## What to work on
The answer should hold only the lines from the beginning of the listing below to the line containing "undefined, Brighton Road, Purley, CR8", both included, with every picture left out.

## Data to process
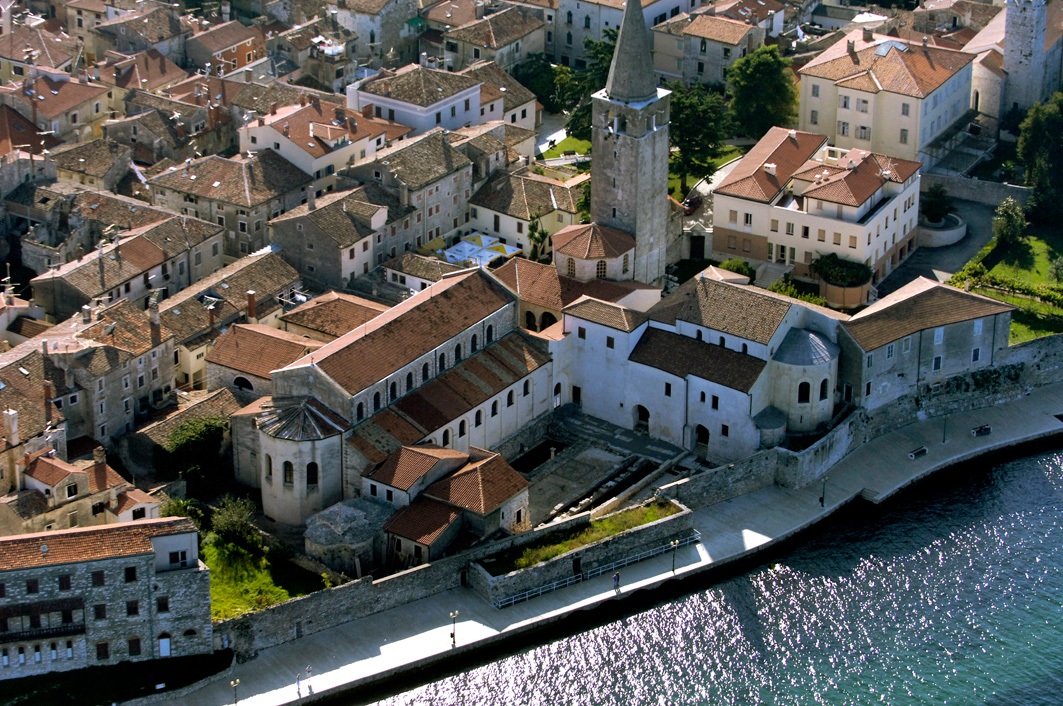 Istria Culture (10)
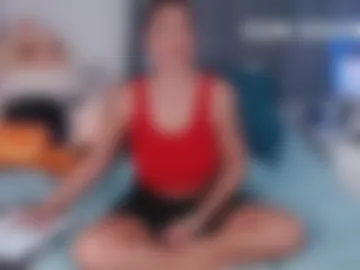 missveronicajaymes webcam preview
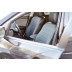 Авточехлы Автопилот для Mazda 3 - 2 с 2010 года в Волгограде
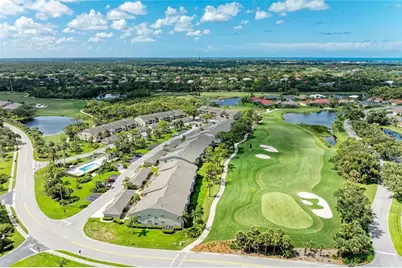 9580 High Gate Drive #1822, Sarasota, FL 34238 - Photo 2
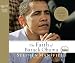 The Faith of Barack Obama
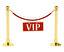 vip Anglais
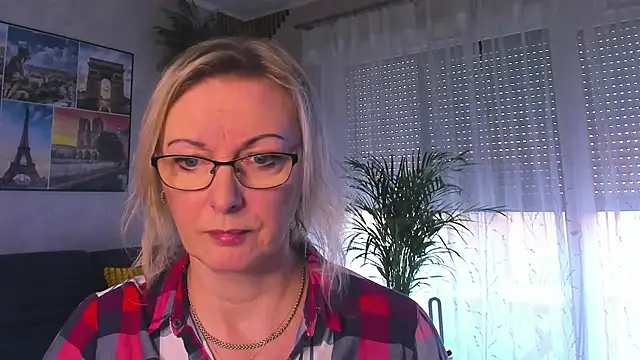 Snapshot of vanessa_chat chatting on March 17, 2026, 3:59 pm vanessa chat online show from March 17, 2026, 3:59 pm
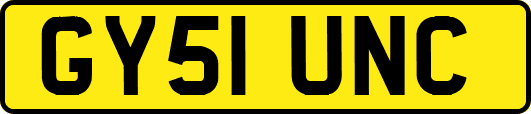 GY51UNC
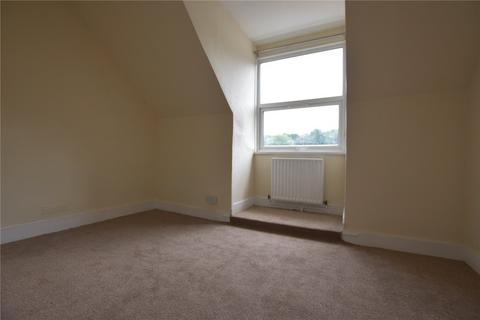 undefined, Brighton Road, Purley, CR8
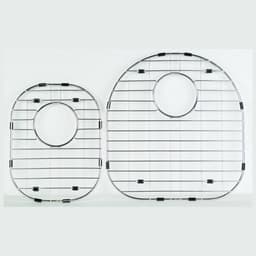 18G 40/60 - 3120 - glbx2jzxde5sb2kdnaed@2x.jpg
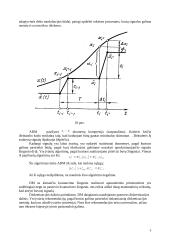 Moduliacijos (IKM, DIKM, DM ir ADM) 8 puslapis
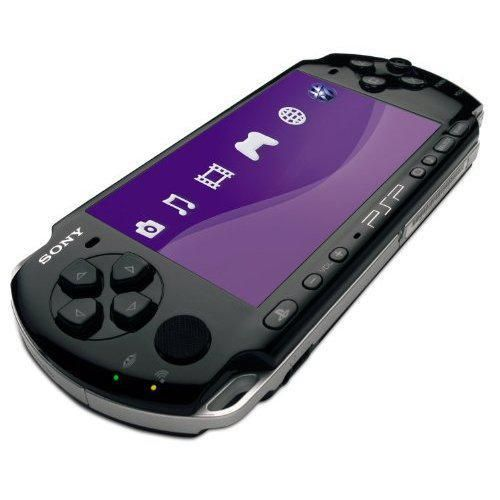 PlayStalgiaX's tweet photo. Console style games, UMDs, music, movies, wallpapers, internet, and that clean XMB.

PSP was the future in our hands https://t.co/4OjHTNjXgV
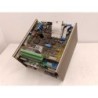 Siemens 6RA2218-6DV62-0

## Written answer
 Istria Culture (10)
 missveronicajaymes webcam preview
 Авточехлы Автопилот для Mazda 3 - 2 с 2010 года в Волгограде
 9580 High Gate Drive #1822, Sarasota, FL 34238 - Photo 2
 The Faith of Barack Obama
 vip Anglais
 Snapshot of vanessa_chat chatting on March 17, 2026, 3:59 pm vanessa chat online show from March 17, 2026, 3:59 pm
 GY51UNC
 undefined, Brighton Road, Purley, CR8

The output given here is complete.